The child abuse was discovered after one of the children ran away from the home and over to a neighbor's house to ask for food. The boy was noticeably malnourished and told law enforcement officials that his mother and her friend often restrained his hands and feet with rope. He and one other child in the house required hospitalization.

Police arrested and charged the two women. Madeline Halpert "Ruby Franke: Parenting advice YouTuber pleads guilty to child abuse" www.bbc.com (Dec. 18, 2023).

Commentary

The neighbor to whom the child ran for help is an example of how every member of the community - employers, employees, customers, friends, family members, or neighbors – can help protect children and stop abuse.

In addition to reporting abuse, all safe adults should know the signs and stay vigilant. The increasing isolation of children, or a parent's or caregiver's frequent absence that leaves children unsupervised for long periods, are two examples of possible abuse or neglect. Other common signs include frequent injuries like cuts, bruises, or burns; dirty hair, skin, and clothes; or far-fetched stories about how injuries occurred.

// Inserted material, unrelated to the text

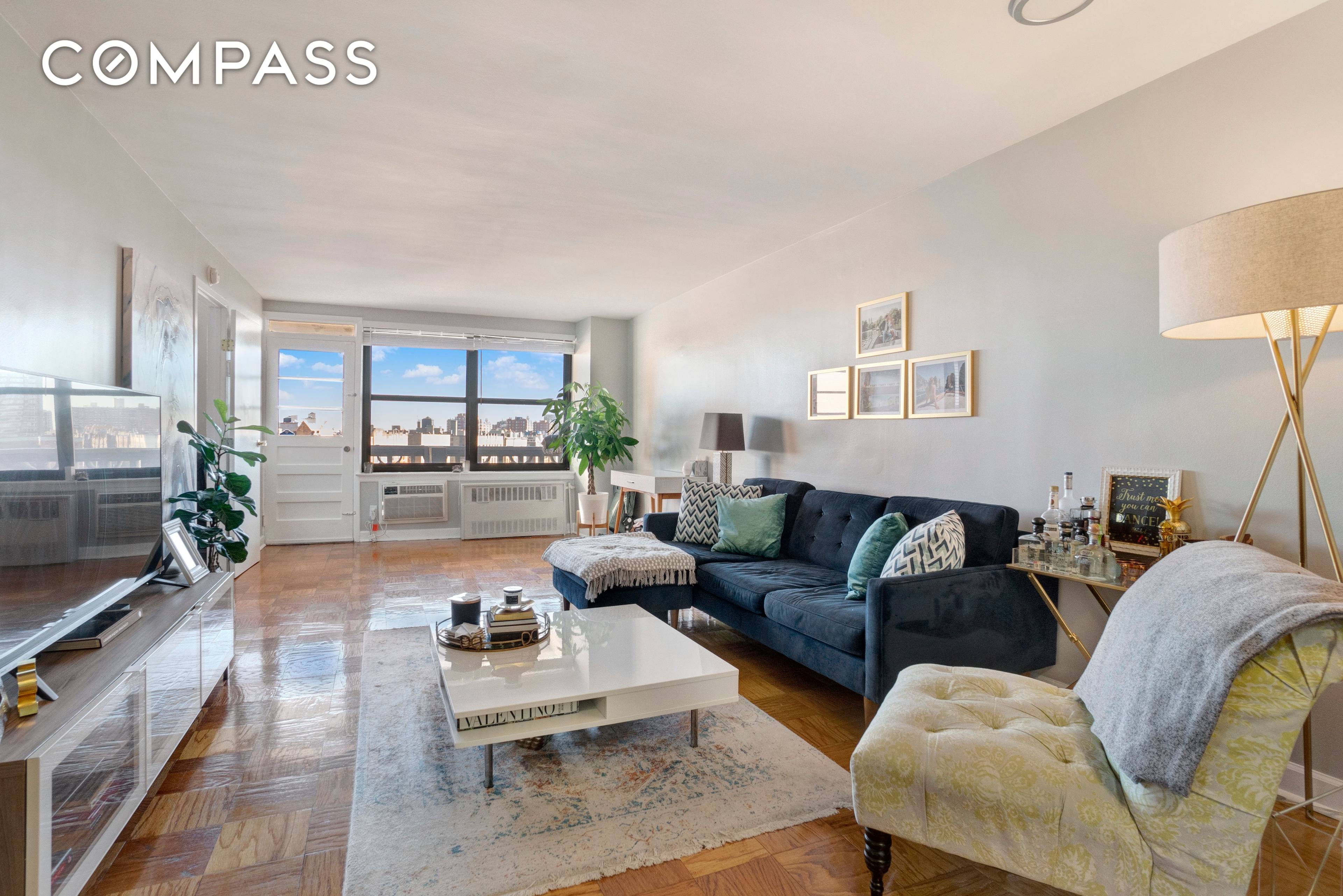 Wake up to breathtaking ocean views in this stunning one bedroom co op in tranquil Brighton Beach.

Here are additional steps safe adults should know about reporting:

  • If a life-threatening emergency exists, dial 911.
  • If not a life-threatening emergency, contact a child protective services agency or local law enforcement immediately.
  • Get a name, title, department, phone number and email address from your law enforcement and/or child protective services contact. Take notes and preserve your communications with law enforcement and/or child protective services.
  • Tell the law enforcement and/or child protective services contact the facts that form the basis of your reasonable suspicion of child sexual abuse. Be prepared to provide dates, times, and names of witnesses. Do not speculate or provide information that you know is false or misleading.
  • Follow the directions of law enforcement and/or child protective services contact on preserving the safety of the child.
  • If applicable, let your employer know that you have made a report to law enforcement or child protective services.
  • Provide emotional support to the child when possible.
  • Do not argue, blame, or interrogate the child.
  • Do not try to convince the child he or she is mistaken.
  • Do not direct any anger or retaliation toward the child.
  • Allow law enforcement and/or child protective services to interact with parents and/or caregivers.
  • Follow-up with law enforcement and/or child protective services on your report.